*ACTIVITY:*
In the records that follow, find each line with the word "equation" and copy it.

(Excerpts from a dataset)
----

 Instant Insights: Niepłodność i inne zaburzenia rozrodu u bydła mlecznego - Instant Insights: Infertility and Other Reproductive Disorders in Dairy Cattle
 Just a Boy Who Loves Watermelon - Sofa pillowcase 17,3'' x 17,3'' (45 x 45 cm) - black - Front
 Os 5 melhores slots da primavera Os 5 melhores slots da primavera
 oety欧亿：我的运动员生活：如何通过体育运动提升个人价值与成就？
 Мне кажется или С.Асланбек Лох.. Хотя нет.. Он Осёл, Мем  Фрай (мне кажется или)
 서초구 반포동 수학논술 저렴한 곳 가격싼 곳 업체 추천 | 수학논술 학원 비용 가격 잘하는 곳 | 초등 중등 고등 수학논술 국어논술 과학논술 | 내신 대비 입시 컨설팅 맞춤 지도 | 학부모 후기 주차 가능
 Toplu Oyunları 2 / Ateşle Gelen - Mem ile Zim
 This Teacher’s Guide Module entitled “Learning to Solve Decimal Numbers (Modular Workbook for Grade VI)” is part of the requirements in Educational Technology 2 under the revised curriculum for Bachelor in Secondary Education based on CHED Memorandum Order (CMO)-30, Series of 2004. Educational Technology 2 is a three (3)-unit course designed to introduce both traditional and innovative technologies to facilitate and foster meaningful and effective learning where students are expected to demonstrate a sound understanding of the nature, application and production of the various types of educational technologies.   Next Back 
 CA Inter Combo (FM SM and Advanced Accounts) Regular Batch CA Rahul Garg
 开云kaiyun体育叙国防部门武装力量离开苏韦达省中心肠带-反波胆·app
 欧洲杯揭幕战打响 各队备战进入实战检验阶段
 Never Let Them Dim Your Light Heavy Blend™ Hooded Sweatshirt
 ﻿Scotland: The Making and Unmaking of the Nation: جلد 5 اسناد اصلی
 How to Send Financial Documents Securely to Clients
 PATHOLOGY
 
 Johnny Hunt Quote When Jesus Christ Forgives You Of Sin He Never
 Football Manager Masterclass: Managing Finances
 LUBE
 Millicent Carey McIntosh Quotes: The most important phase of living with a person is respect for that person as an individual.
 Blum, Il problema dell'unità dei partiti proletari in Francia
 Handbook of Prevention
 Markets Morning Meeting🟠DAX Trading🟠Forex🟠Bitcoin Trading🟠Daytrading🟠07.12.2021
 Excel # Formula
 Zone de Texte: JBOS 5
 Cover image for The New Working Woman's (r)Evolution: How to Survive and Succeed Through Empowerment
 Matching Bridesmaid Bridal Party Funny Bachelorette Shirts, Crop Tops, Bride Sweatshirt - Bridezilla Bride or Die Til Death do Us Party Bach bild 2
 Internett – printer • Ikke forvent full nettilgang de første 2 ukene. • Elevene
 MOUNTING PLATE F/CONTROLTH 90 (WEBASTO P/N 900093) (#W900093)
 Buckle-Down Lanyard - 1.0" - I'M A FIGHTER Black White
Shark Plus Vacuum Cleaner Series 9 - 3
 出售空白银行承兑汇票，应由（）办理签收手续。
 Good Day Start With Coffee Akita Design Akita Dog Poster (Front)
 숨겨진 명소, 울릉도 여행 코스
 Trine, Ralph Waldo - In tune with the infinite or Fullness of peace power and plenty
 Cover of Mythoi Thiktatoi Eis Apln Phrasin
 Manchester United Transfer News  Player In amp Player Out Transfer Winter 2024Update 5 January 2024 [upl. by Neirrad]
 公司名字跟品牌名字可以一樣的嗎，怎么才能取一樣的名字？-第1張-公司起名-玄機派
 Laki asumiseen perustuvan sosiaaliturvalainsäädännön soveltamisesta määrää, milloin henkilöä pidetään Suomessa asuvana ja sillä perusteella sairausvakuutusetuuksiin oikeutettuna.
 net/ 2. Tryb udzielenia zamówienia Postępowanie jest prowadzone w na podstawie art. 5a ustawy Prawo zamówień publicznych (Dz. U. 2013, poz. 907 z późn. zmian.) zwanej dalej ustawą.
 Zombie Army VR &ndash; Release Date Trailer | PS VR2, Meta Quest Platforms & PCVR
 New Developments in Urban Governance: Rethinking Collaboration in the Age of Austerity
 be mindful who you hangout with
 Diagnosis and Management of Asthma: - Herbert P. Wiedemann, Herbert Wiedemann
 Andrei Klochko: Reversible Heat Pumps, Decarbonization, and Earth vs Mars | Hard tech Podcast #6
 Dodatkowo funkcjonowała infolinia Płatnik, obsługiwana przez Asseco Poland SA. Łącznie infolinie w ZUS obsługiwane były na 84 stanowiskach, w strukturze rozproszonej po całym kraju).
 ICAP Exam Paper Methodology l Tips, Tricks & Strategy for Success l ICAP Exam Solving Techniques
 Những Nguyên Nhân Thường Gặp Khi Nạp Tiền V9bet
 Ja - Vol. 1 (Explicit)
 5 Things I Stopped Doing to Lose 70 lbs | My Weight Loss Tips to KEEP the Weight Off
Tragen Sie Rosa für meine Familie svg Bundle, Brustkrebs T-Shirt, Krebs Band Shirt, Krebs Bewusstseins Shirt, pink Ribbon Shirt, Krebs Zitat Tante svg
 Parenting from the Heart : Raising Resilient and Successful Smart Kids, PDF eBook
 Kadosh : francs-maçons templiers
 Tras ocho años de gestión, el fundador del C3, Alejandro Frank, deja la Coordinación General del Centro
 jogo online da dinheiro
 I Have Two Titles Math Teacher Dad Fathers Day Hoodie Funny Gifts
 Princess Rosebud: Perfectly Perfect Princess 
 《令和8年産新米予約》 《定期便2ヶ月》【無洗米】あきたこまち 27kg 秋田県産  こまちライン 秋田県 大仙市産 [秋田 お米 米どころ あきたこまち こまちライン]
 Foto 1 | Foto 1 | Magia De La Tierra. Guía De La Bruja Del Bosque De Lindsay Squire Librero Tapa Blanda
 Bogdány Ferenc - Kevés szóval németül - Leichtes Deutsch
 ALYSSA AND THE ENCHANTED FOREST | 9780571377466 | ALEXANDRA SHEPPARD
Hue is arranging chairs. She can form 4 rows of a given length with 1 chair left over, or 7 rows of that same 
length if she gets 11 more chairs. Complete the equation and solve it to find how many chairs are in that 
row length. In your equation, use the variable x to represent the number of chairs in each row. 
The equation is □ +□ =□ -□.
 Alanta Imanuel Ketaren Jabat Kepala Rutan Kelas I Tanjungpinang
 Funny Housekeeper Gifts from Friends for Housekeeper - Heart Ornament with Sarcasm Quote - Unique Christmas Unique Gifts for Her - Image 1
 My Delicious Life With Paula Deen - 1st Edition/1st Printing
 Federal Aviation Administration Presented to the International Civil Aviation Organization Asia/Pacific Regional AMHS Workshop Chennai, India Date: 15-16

----

*WRITTEN REPLY:*
length if she gets 11 more chairs. Complete the equation and solve it to find how many chairs are in that 
row length. In your equation, use the variable x to represent the number of chairs in each row. 
The equation is □ +□ =□ -□.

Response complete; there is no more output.